Two years ago, when the Government bent to pressure for scrutiny of MI5 and its overseas counterpart MI6 and set up the Intelligence and Security Committee, Labour tried to amend the legislation so that the committee would be answerable to Parliament.
Chris Mullin, Labour MP for Sunderland South, asked if this was still the position of the front bench. Did the leadership want to strengthen accountability or would the committee, comprising senior figures from both sides of the House, still report to the Prime Minister?
Mr Straw said that "of course" Labour wanted "to see intelligence agencies which are properly accountable to this House. The question is how best that can be achieved whilst maintaining the operational integrity of these agencies.
"These arrangements have been put in place under the 1994 Act. It is important that they are kept under review, and that if they need to be strengthened then measures are brought forward ... to ensure that they are indeed strengthened."

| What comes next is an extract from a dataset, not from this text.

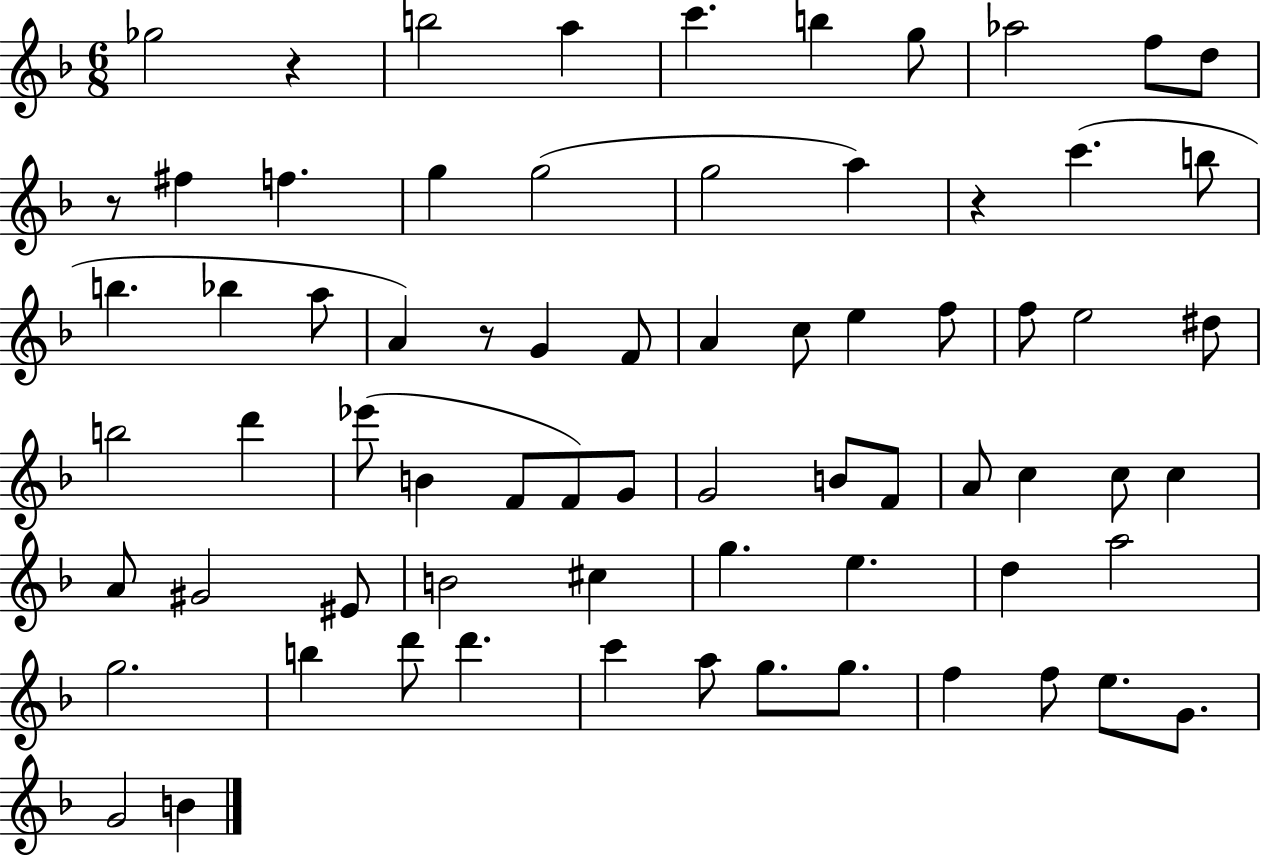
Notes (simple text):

Gb5/h R/q B5/h A5/q C6/q. B5/q G5/e Ab5/h F5/e D5/e R/e F#5/q F5/q. G5/q G5/h G5/h A5/q R/q C6/q. B5/e B5/q. Bb5/q A5/e A4/q R/e G4/q F4/e A4/q C5/e E5/q F5/e F5/e E5/h D#5/e B5/h D6/q Eb6/e B4/q F4/e F4/e G4/e G4/h B4/e F4/e A4/e C5/q C5/e C5/q A4/e G#4/h EIS4/e B4/h C#5/q G5/q. E5/q. D5/q A5/h G5/h. B5/q D6/e D6/q. C6/q A5/e G5/e. G5/e. F5/q F5/e E5/e. G4/e. G4/h B4/q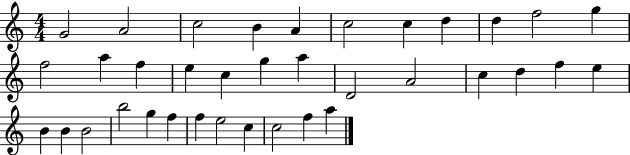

Spotting the shift behind the smokescreen, Tory MPs shouted to Mr Mullin: "The answer is 'No'." But a smiling Mr Straw came clean and told the House: "The answer is 'Maybe'.''
Mr Mullin also tackled Michael Howard, the Home Secretary, on the justification for the Security Service Bill. Mr Howard said it would enable MI5 to support the police in taking on criminal gangs, drug traffickers and racketeers.
He said the service had been responding to changing threats ever since it was founded in 1909, from German spies in its early years, communists through the Cold War and latterly the terrorist menace.
But Mr Mullin said it was "running out of threats" and that a new one was having to be invented to save the "rather bloated organisation" from spending cuts.
Pressure for the Bill to be amended to enshrine the primacy of the police in operations came from both sides of the House, including former defence secretary Tom King, chairman of the committee.
However there was no vote against the Bill, even from arch-critic Ken Livingstone, Labour MP for Brent East, who declared that the one time Tory MP Captain Henry Kerby was an MI5 agent and had been used while Sir Edward Heath was leader of the Opposition to spread rumours that he was a homosexual-and had had an affair with a Swedish diplomat. "MI5 should be broken up and any worthwhile bits given to the police," Mr Livingstone said.
Junior agriculture minister Angela Browning earlier defended the Government's response to "mad cow disease". Its stance was "ultra precautionary" she said in a debate launched by Labour's David Hinchliffe on fears of a link between BSE and the human disease Creutzfeldt-Jacob Disease.
Last month, farmers Stephen and John Thompson of Yorkshire were convicted of trades description offences including falsely declaring the age of a calf and not declaring it was born to a BSE-infected cow, he said.
Mrs Browning replied that of the 915 BSE cases reported by the Thompsons since 1988, 76 per cent had been traced to their original owners.